Patient groups and VA bodies agreed, the ultimate goal of patient-centered VA is for patients to have access to treatments they need at prices they can afford. Patient-centered VA exists when patients have been engaged, heard, understood, and respected throughout the entire process, and their input is incorporated and guides decision-making. Participants developed seventeen recommendations to enhance patient centricity in VA. Recommendations include:

Examples of Recommended Actions for Improving Engagement

  • Patient groups can develop a catalogue of data and other assets they have and provide this to VA bodies to help convey the role a patient group can play in value assessment.
  • VA bodies can clearly define and effectively communicate opportunities regarding when and how patients can substantively contribute throughout an assessment, including during the scoping process.
  • Patients and VA bodies can co-develop training to prepare patients to engage with VA bodies and VA bodies to engage with patients.

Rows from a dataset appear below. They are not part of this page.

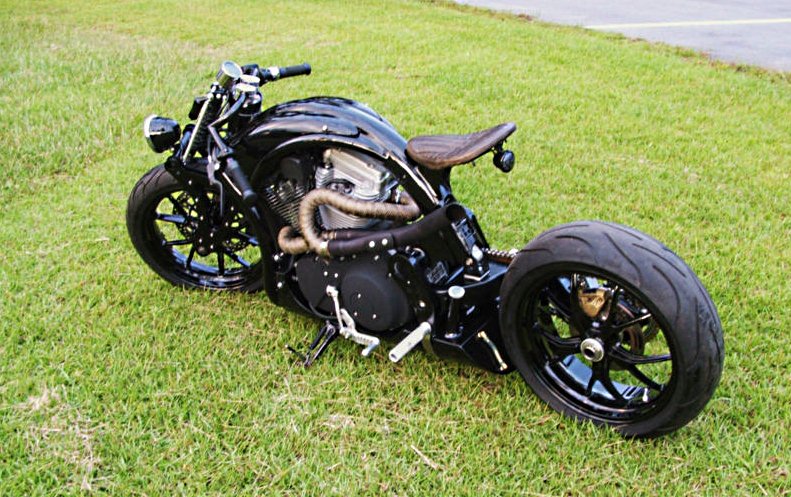 Bobber РјРѕС‚РѕС†РёРєР»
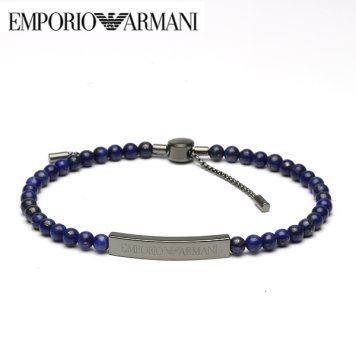 EMPORIO ARMANI エンポリオ アルマーニ メンズ レディース ブレスレット アクセサリー egs2505060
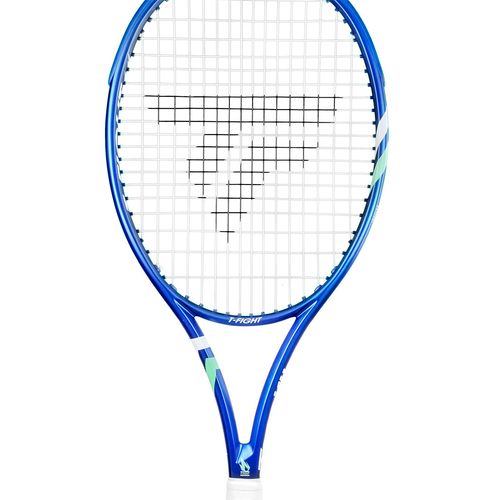 Tecnifibre TFight ID 300 Tennis Racquet Blue/Turquoise 14FI300ID
image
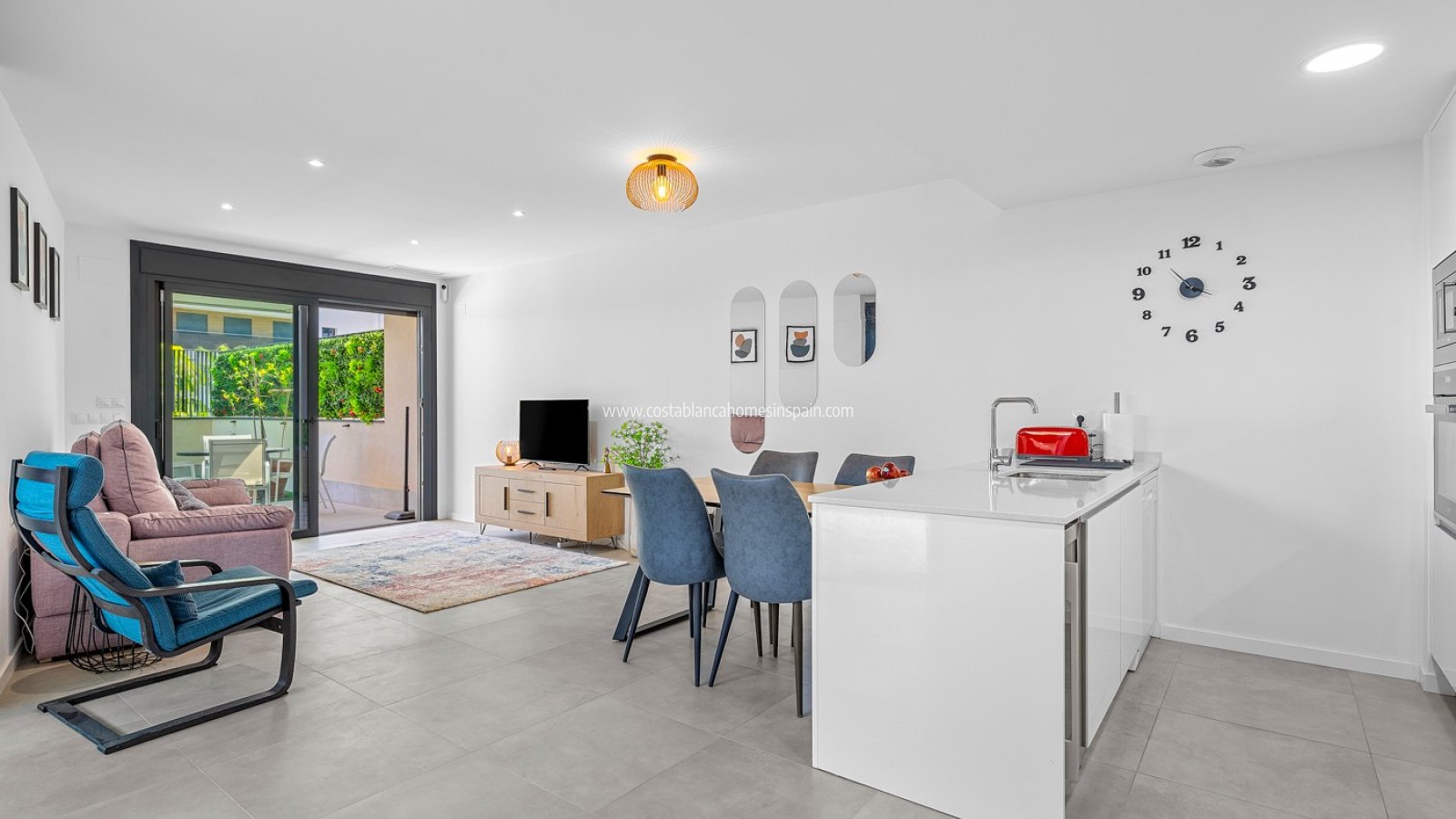 Resale - Apartment - Campoamor - Dehesa de Campoamor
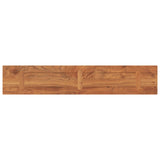 Table Top 180x30x2.5 cm Rectangular Solid Wood Acacia 370901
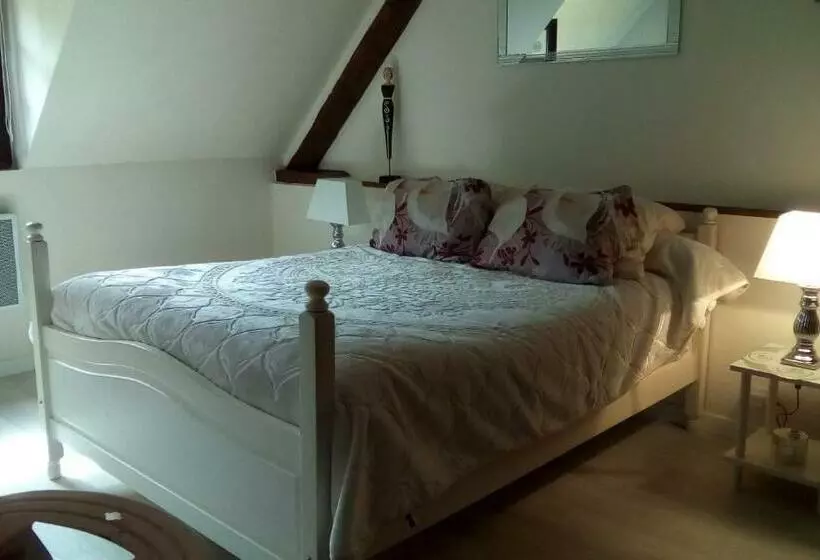 Aamiaismajoitus (B&B) Fleur De Soleil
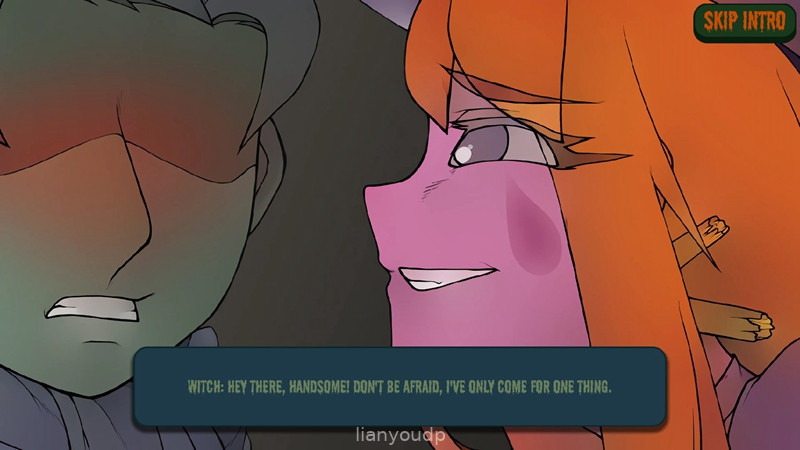 Alchemist VS Witch (Adult) Screenshot 2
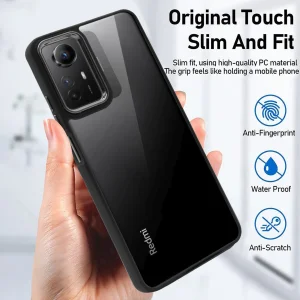 کاور گاردتک اساک مدل New Skin مناسب برای گوشی موبایل شیائومی Redmi Note 12s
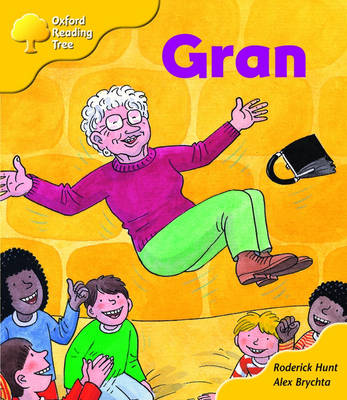 Cover of Oxford Reading Tree: Stage 5: Storybooks: Gran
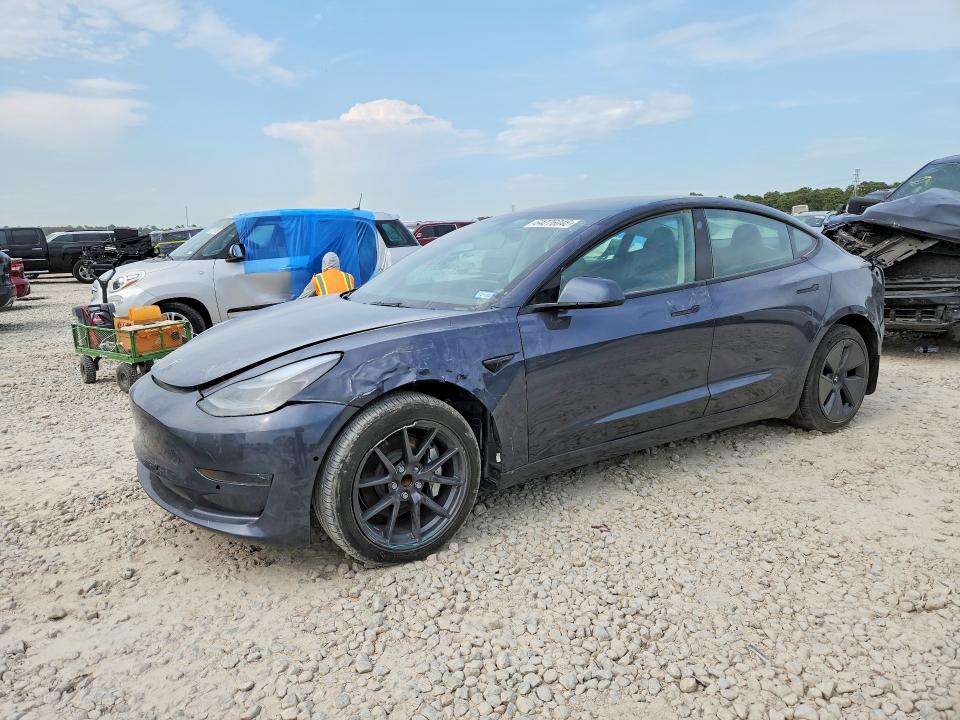 Продажа на аукционе авто 2023 Tesla Model 3, vin: 5YJ3E1EA4PF683578, номер лота: 64276046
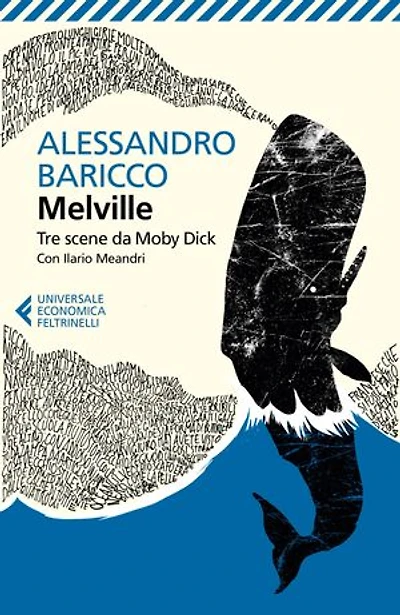 Melville: Tre scene da Moby Dick
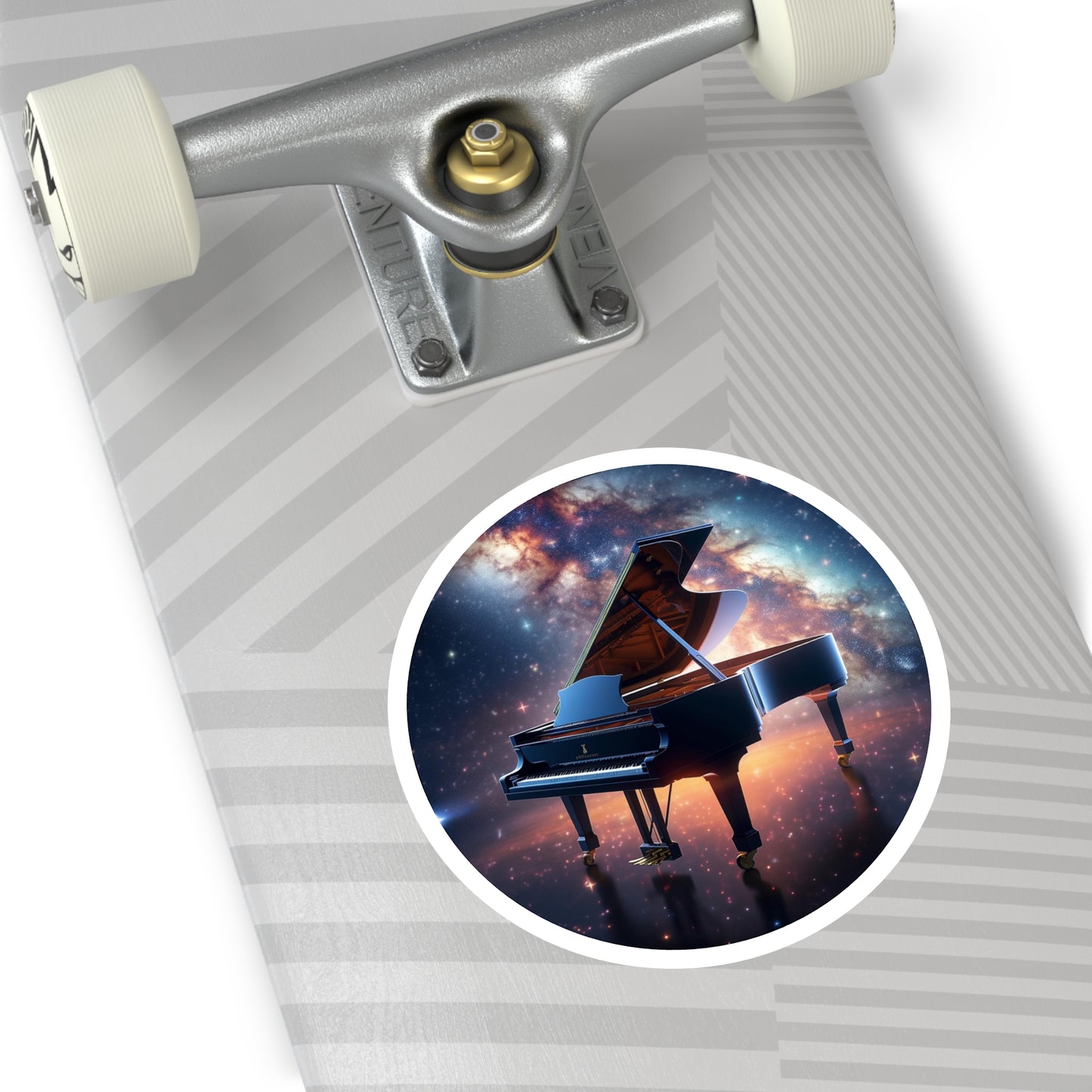 Cosmic Sticker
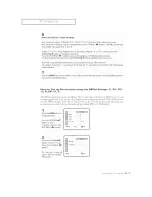 Preview for 49 page of Akai CFTD2083T Owner'S Instructions Manual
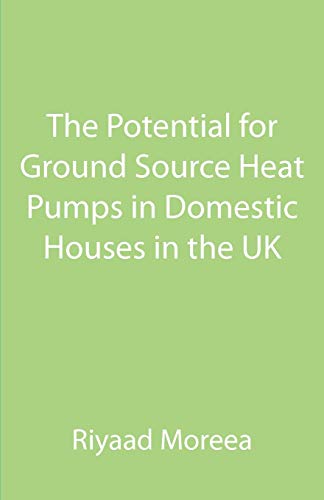 Moreea - Potential for Ground Source Heat Pumps in Domestic Houses in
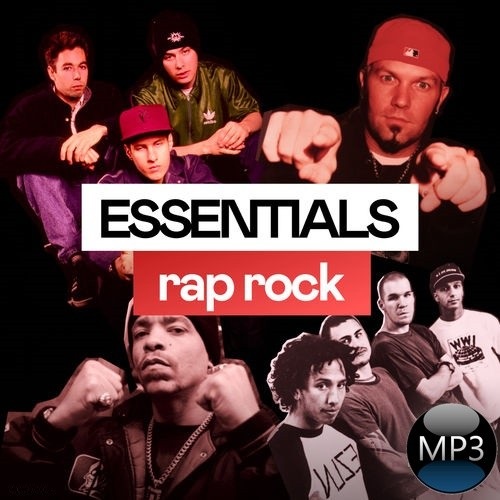 VA - Rap Rock Essentials (2022)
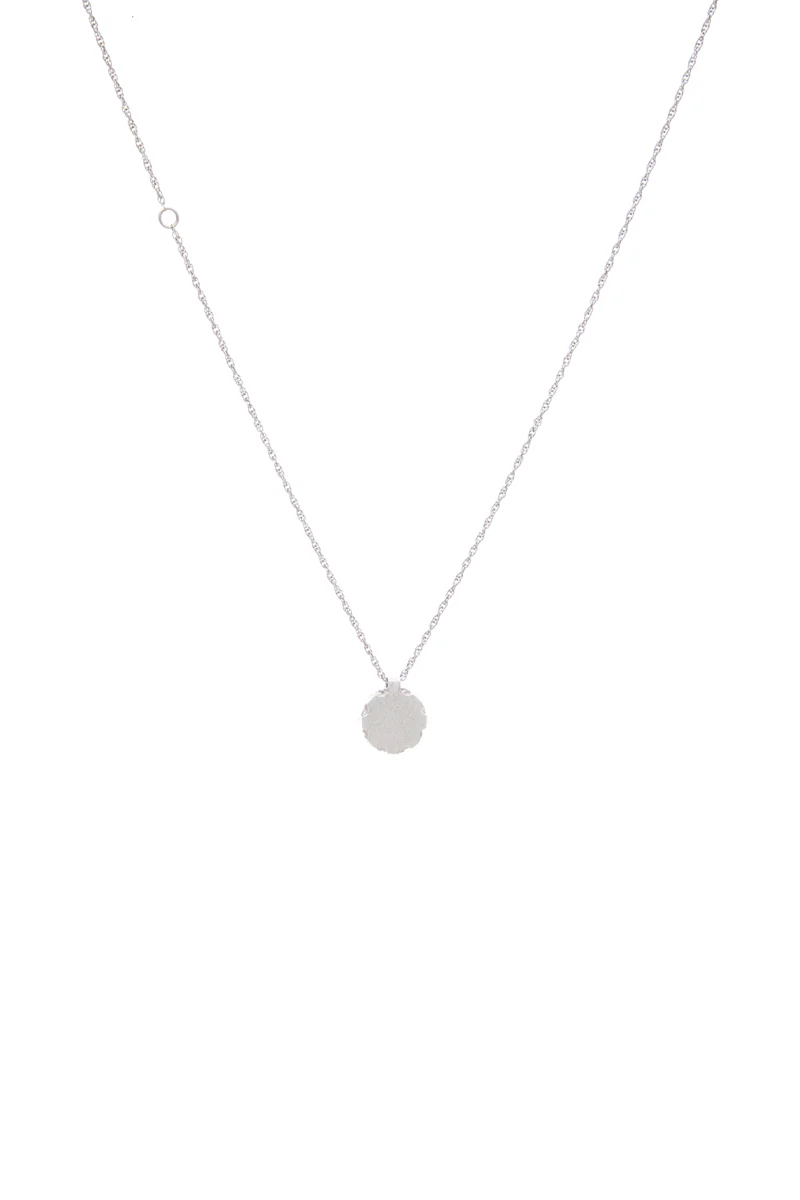 CC Pendant Necklace - Image 4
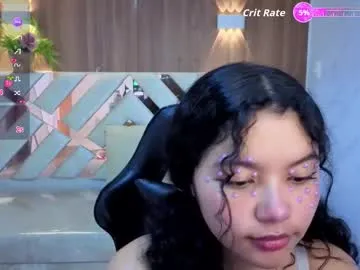 Freechat victoria_castillo_b on Chaturbate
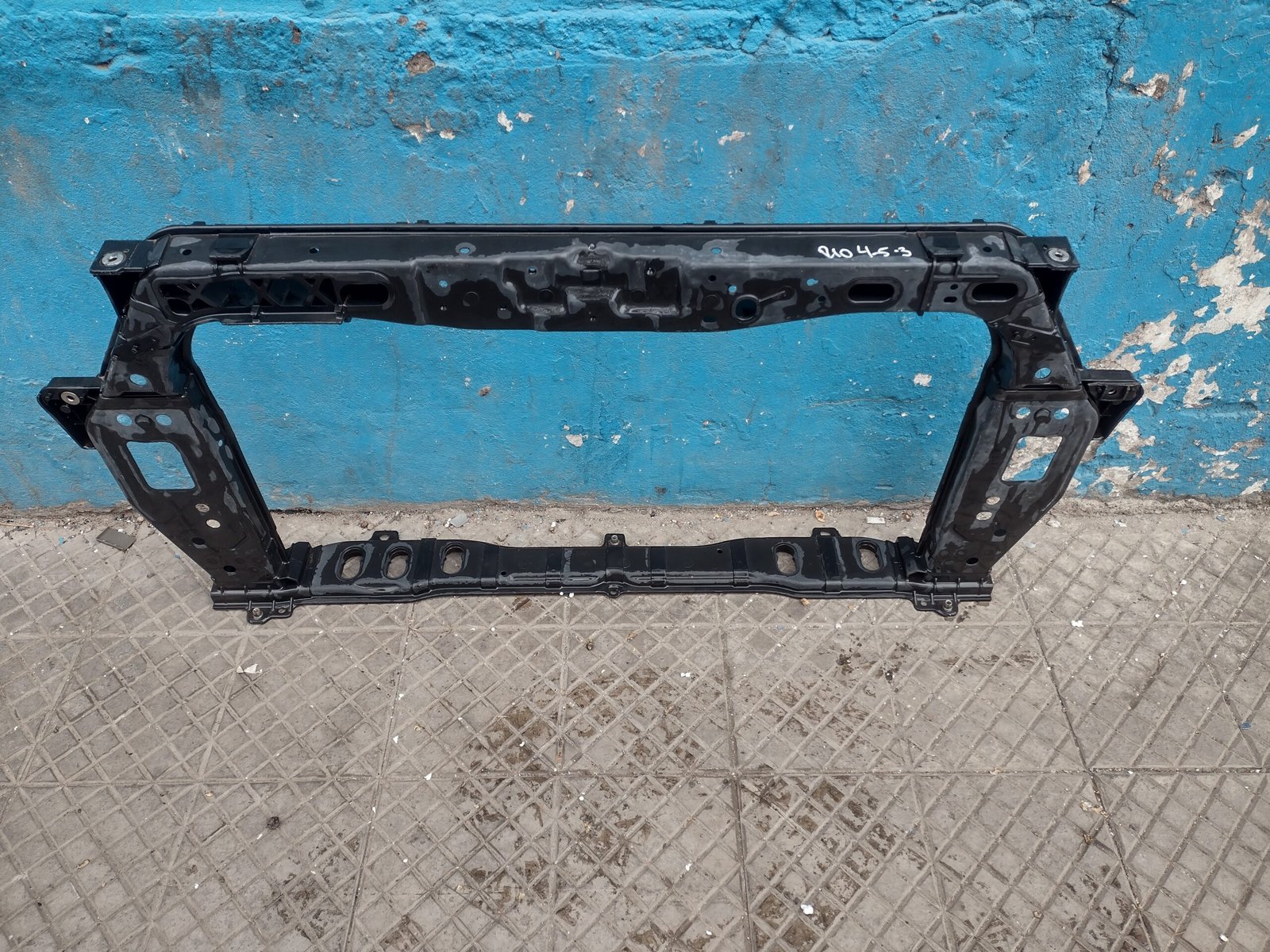 Frontal Kia río 4 o 5 2012 - 2017 - Imagen 4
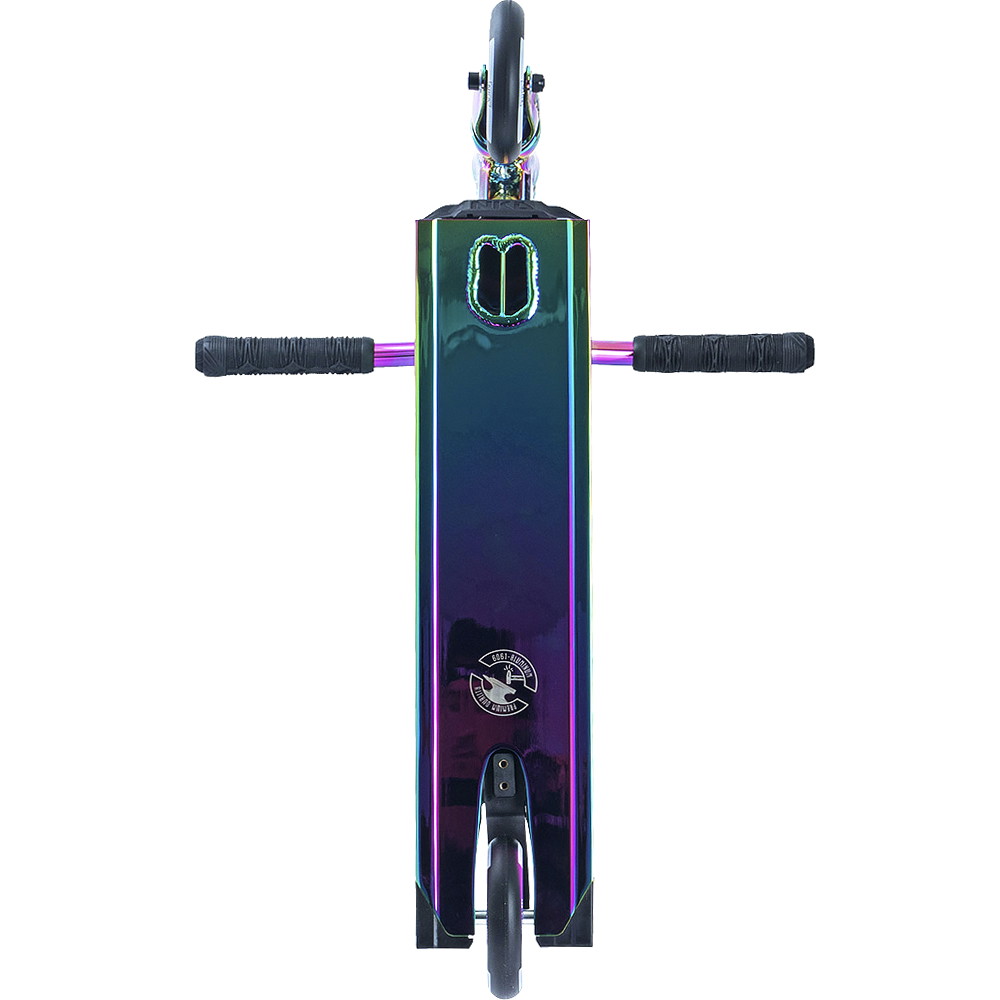 NKD Rally Stunt Scooter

Examples of Recommended Actions for Collecting and Leveraging Patient-Provided Data

  • Patient groups can engage VA bodies when the groups develop or update registries and/or surveys to ensure they include questions that provide data sought by VA bodies.
  • VA bodies can articulate the data gaps in VA, which can assist patient organizations when developing standardized approaches to collecting and formatting needed data. Data needs can be communicated to relevant patient groups in advance of a VA (the earlier, the better).
  • Following an appraisal, the VA body and patient groups can debrief about how data submitted by patient groups were/were not useful, and how data collection or presentation can be improved for future use.
  • Learnings can be passed on to other organizations, for example through the NHC’s Value Work Group.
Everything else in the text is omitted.